Der vollkommenste Ausdruck dieser Idee war die Einbeziehung Deutschlands in diese Bemühungen. Deutschland, das im faschistischen Wahn von der Weltherrschaft Europa in Schutt und Asche gelegt hatte wurde eingebunden in eine große Idee. Die EU ist – bei allen Übereilungen, Schwierigkeiten und Ärgernissen – ein lebendiger Beweis für die Kraft und Fruchtbarkeit dieser Idee.
Kreative Kooperation – Wie schützen wir uns vor der uns eigenen Destruktivität?
Das war und ist die Ausgangsfrage nach Auschwitz. Die EU ist nicht die einAntwort auf diese Frage.
Spätestens seit Mitte des 20ten Jahrhunderts treibt Künstler und Wissenschaftler überall auf der Welt die Frage um, wie wir mit den rasch wachsenden Widersprüchen zwischen Technikentwicklung einerseits und Humanitätsentwicklung andererseits angemessen umgehen können, ohne uns selbst abzuschaffen. Aus diesem Beweggrund entstanden nach dem 2. Weltkrieg zahlreiche internationale Institutionen, Strukturen und tiefe Netzwerke, die ein Überleben der Menschheit ermöglich sollen. Ausgangspunkt und Basis einer postheroischen Epoche, die jenseits von zügellosem Machtwillen und primitiven Kampfmodus auf kreative Kooperation setzt.
Dieser Prozess scheint jetzt bedroht. Nicht nur durch den Brexit. Aber der Brexit könnte historisch gesehen einen Wendepunkt markieren. Die alten Strukturen zerfallen mit ungewissem Ausgang. Die Folgen sind kaum abzusehen.

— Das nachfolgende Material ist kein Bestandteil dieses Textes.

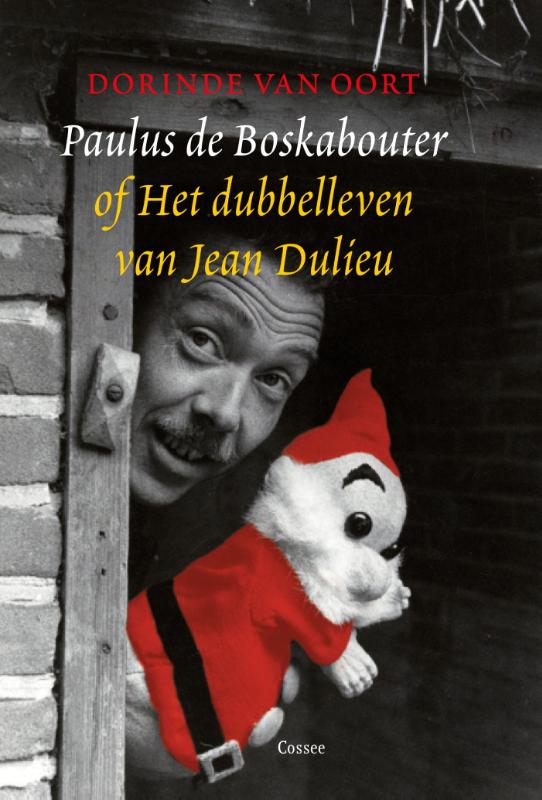 Paulus de Boskabouter of het dubbelleven van Jean Dulieu (Ebook)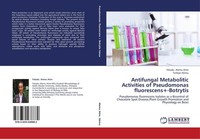 Antifungal Metabolitic Activities Of Pseudomonas Fluorescens+-Botrytis Fekadu Al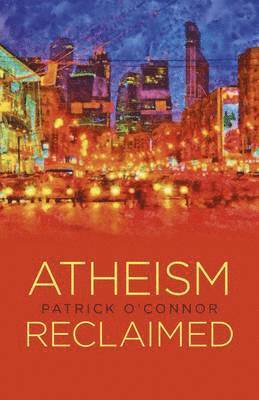 bokomslag Atheism Reclaimed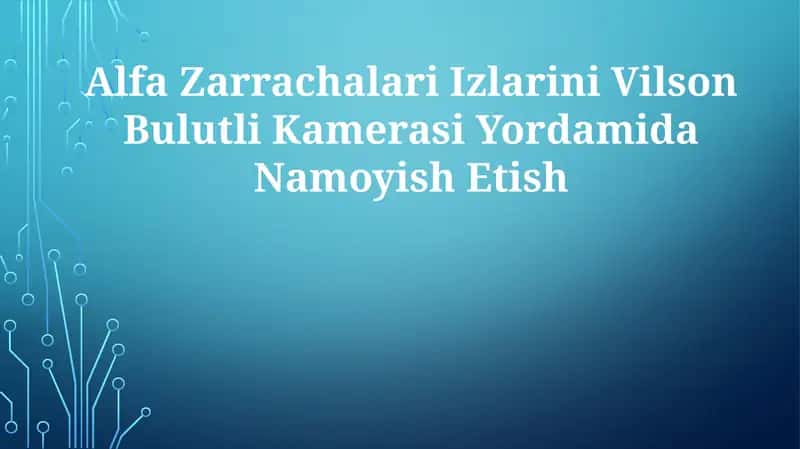 Alfa Zarrachalari Izlarini Vilson Bulutli Kamerasi YordamidaNamoyishEtish 1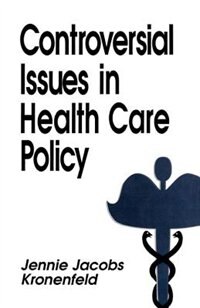 Front cover_Controversial Issues in Health Care Policy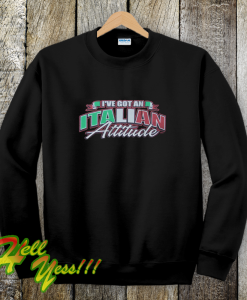 i've got an italian attitude sweatshirt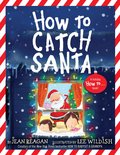 How To Series - How to Catch Santa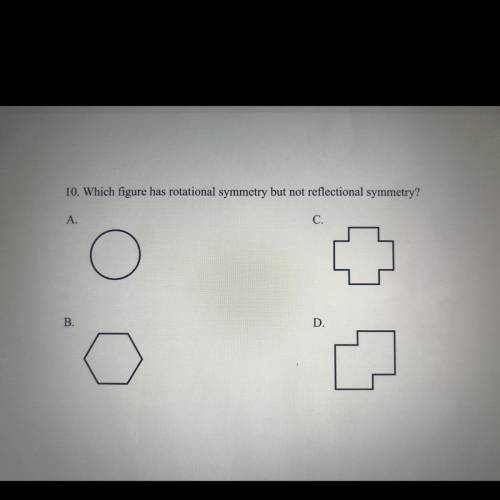 10. Which figure has rotational symmetry but not reflectional symmetry?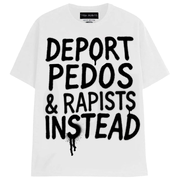 DEPORT PEDOS & RAPISTS INSTEAD
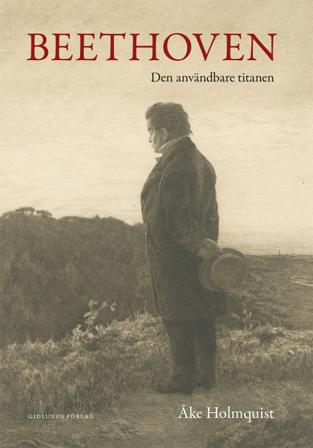 Beethoven : den användbare titanen - Bok av Åke Holmquist - Inbunden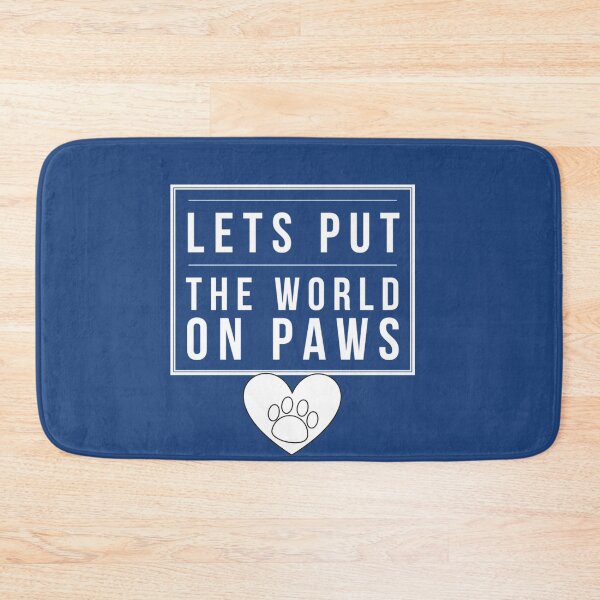 Item preview, Lets put the world on PAWS (wht letters) designed and sold by HamiltonmagicTs.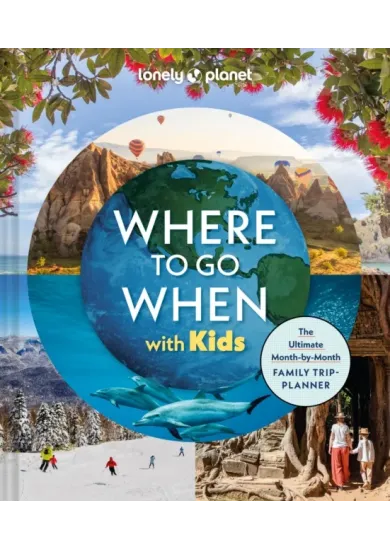 Lonely Planet Where To Go When With Kids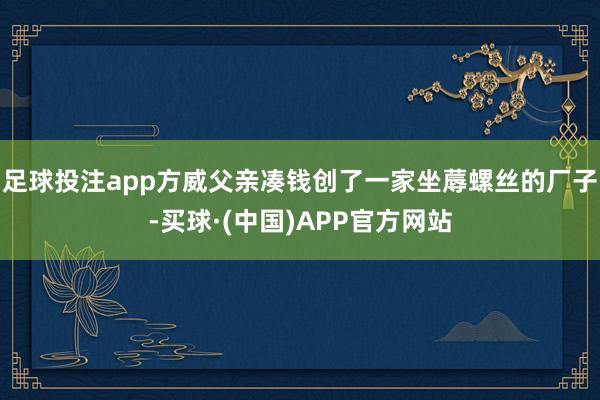 足球投注app方威父亲凑钱创了一家坐蓐螺丝的厂子-买球·(中国)APP官方网站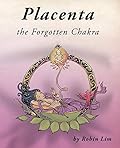 Placenta the Forgotten Chakra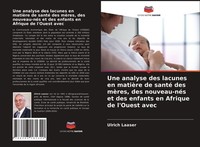 Une Analyse Des Lacunes En MatièRe De Santé Des MèRes, Des Nouveau-NéS Et Des En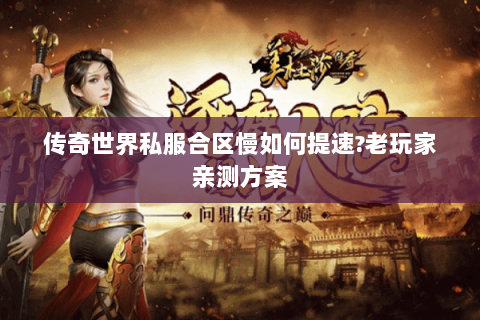 传奇世界私服合区慢如何提速?老玩家亲测方案
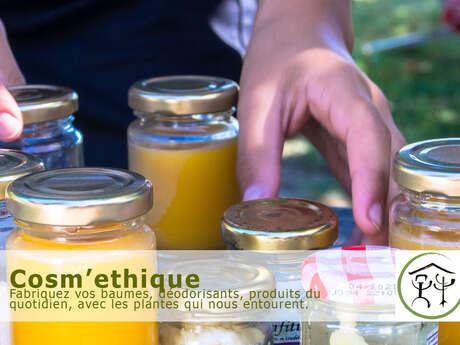 Atelier Cosm'éthic - prendre soin de soi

Ein Kommentar des amerikanischen Bioethikers Jonathan D. Moreno weist auf die Gefahren hin. Bioethics after Brexit – The Hastings Center
Was tun?
Es könnte sein, dass wir Zeugen einer politischen Zeitenwende werden, einer historischen Volte, in der nationale Machtzentren durch rechte Populisten und Radikale aller Art gekapert werden. Nicht nur in Europa, alle Kontinente und viele Länder sind betroffen (China, Indien, USA, Südamerika, Russland, der „islamische Gürtel“). Noch ist nichts entschieden. Aber die gesellschaftliche Dynamik wird gegenwärtig eindeutig von rückwärts gewandten Ideen und Kräften bestimmt. Erst die geistige Hegemonie, dann die konkrete Macht. Der Humanismus, diese große Idee, verliert erst seinen geistigen Einfluss und dann seine staatlichen Machtbasen.
Was tun? Es könnte jetzt darum gehen, transnational viele kleine Inseln, Archen und Lichtungen des Humanismus zu erhalten und zu sichern, zu pflegen und neu aufzubauen. Verbunden, aber autonom. Schwer auszumachen für die Machtzentren. Das wird wahrscheinlich ungemütlicher als es klingt. Die fetten und bequemen Jahre sind unwiderruflich vorbei. Es bleibt spannend.